12. Meanwhile, plaintiff contends that the claims are directed to a technical solution to a technical problem. (D.I. 16 at 11-13) "[T)he first step in the Alice inquiry . .. asks whether the focus of the claims is on the specific asserted improvement in computer capabilities . . . or, instead, on a process that qualifies as an `abstract idea' for which computers are invoked merely as a tool." Enfish, 822 F.3d at 1335-36. The specification describes the technical challenge inherent to shared, interactive applications:
[T]he present invention deals with the issues of deploying an interactive application for multiple participants on wide area networks by providing a method for reducing the overall message rate and reducing latency. This invention uses a server group messaging approach, as oppose[d] to the above described "distributed multicast messaging" approach. The present invention overcomes the undesirable side effects of the distributed multicast messaging approach. Further, it reduces the message rate between the hosts. As pointed out in an example discussed above, with prior art distributed multicast messaging, each host will need to send only one message to the group containing all of the hosts seven times per-second, but will still receive 9 messages, seven times per-second. The present invention of server group messaging has each host sending one message, seven times per-second and receiving one message, seven times per-second.
('523 patent, 11:26-42) The specification explains that sharing updates between host computers is a key technical challenge in shared, interactive applications such as online gaming. ('523 patent, 1:11-11:67) Claims 1 and 7 address, among other things, the improvement associated with the datagram shown in figure 7 with respect to items 100 through 103. ('523 patent, 10:20-49; figure 7, items 100, 101, 102, and 103) This improvement includes the group message server and the aggregated payloads shown in the figure and described in the claims. The specification indicates that this technical challenge is unique to the world of interactive software applications shared over a computer network. Therefore, as with the relevant case law, the specification supports the conclusion that the invention in claims 1 and 7 is "necessarily rooted in computer technology in order to overcome a problem specifically arising in the realm of computer networks." DOR Holdings, LLC v. Hotels.com, L.P., 773 F.3d 1245, 1257 (Fed. Cir. 2014). For these reasons, claims 1 and 7 are not directed to an abstract idea, and defendant's motion to dismiss is denied. Enfish, 822 F.3d at 1337.
13. Conclusion.
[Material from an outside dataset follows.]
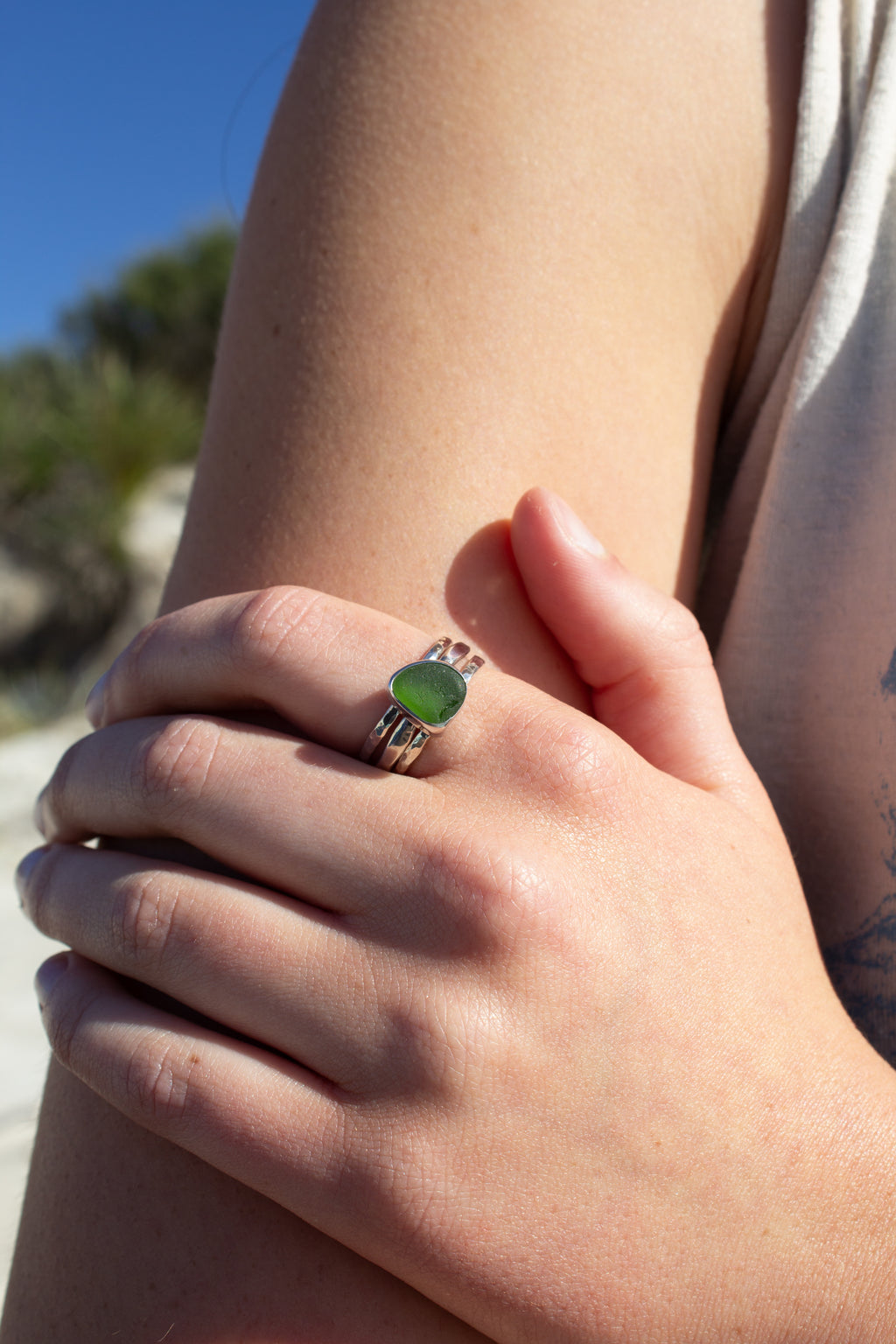 Green Seaglass Stacked Ring ￼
For the reasons stated, defendant's motion to dismiss (D. I. 9) is denied.
FootNotes 1. The '686 issued on an application that is a continuation of the '523 patent application.
2. Elsewhere, defendant argues that the claims "are directed to the abstract idea of using a central office to bundle group communications for delivery." (D.I. 10 at 18, 20)
3. Defendant raised the comparison to case law in its reply brief and at oral argument. (D.I. 17 at 2-3) Prior to that, defendant had argued an analogy to a "hypothetical inter-office mail" system, which involves matter outside of the pleadings. (D.I. 10 at 12-15) Plaintiff disagrees with how the inter-office mail analogy would apply to the claims at issue.